### [WHAT TO PRODUCE]
Your response is a verbatim copy of the listing, stripped of its images.

### [SUPPLIED MATERIAL]
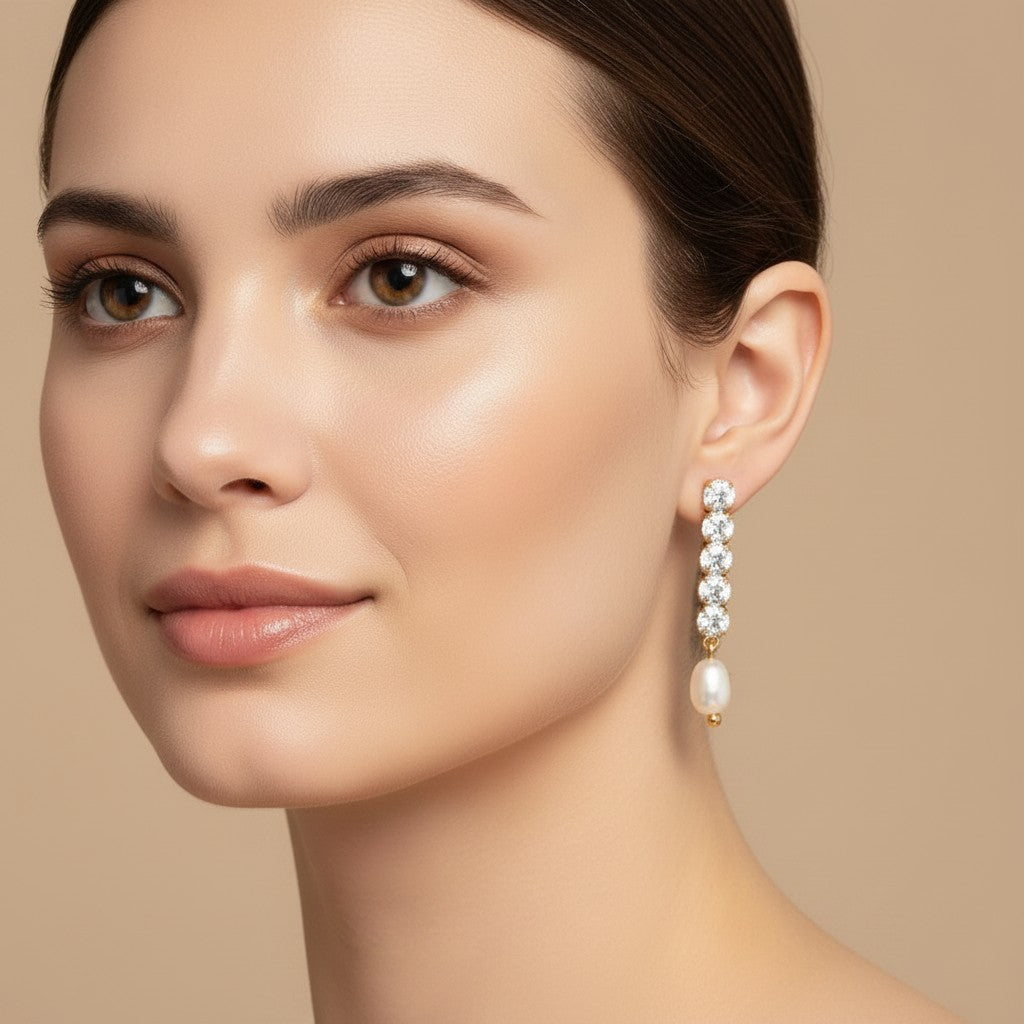 Seraphina Treasures Thalire earrings with freshwater pearls and clear crystals on a model.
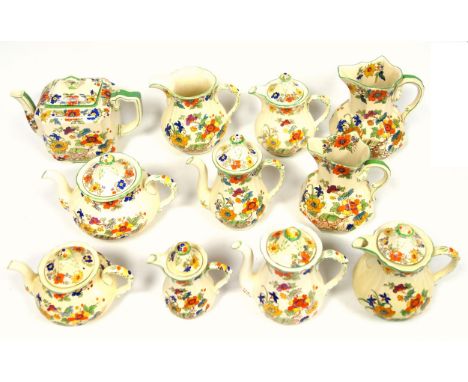 70 pieces of Mason's Ironstone "Bible" Pattern dinner, tea, and coffee ware, including 2 tureens with covers, meat plate, 2 s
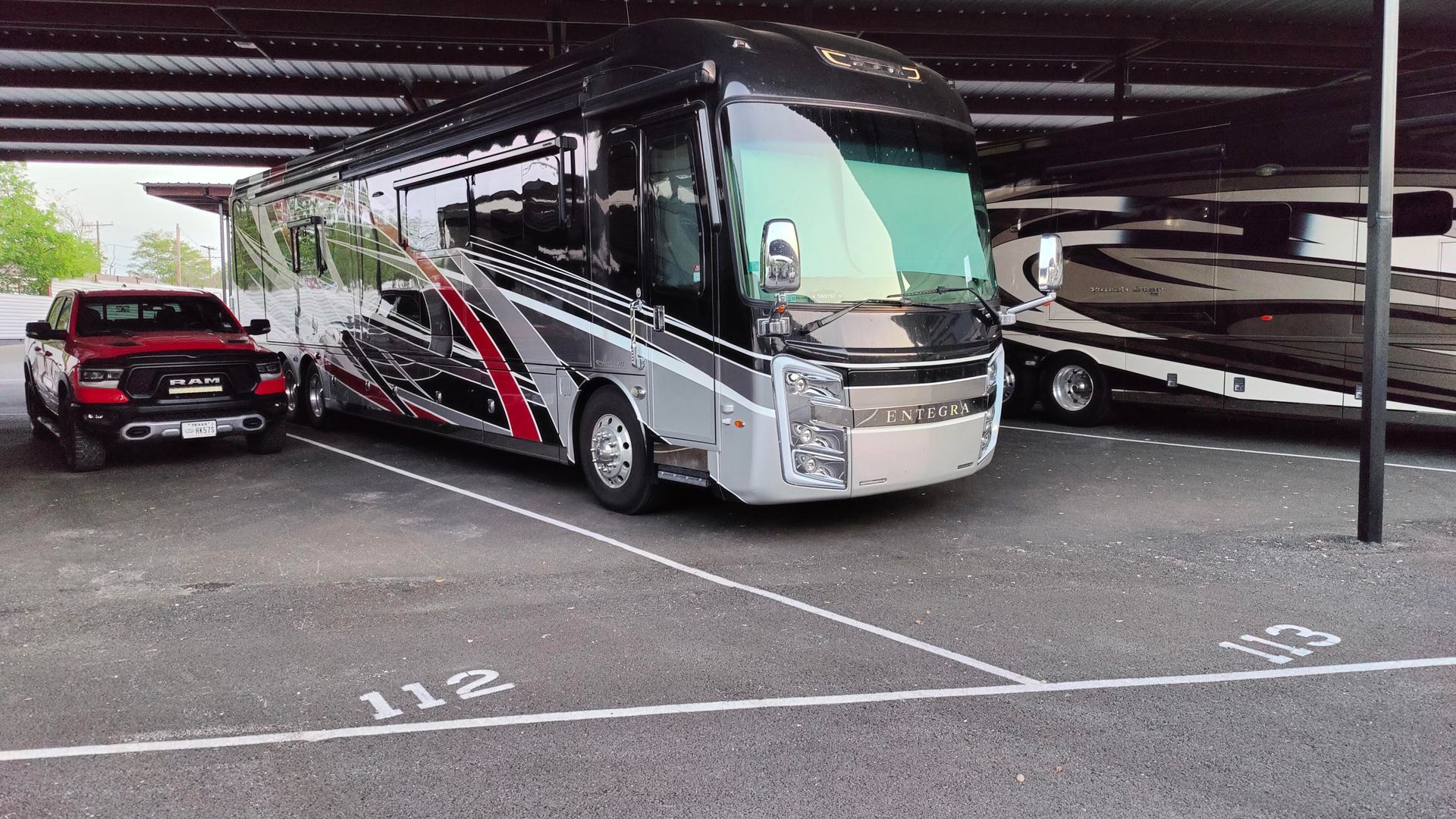 Silver and black motorcoach parked in a covered lot beside other RVs and marked parking spaces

### [THE ANSWER]
 Seraphina Treasures Thalire earrings with freshwater pearls and clear crystals on a model.
 70 pieces of Mason's Ironstone "Bible" Pattern dinner, tea, and coffee ware, including 2 tureens with covers, meat plate, 2 s
 Silver and black motorcoach parked in a covered lot beside other RVs and marked parking spaces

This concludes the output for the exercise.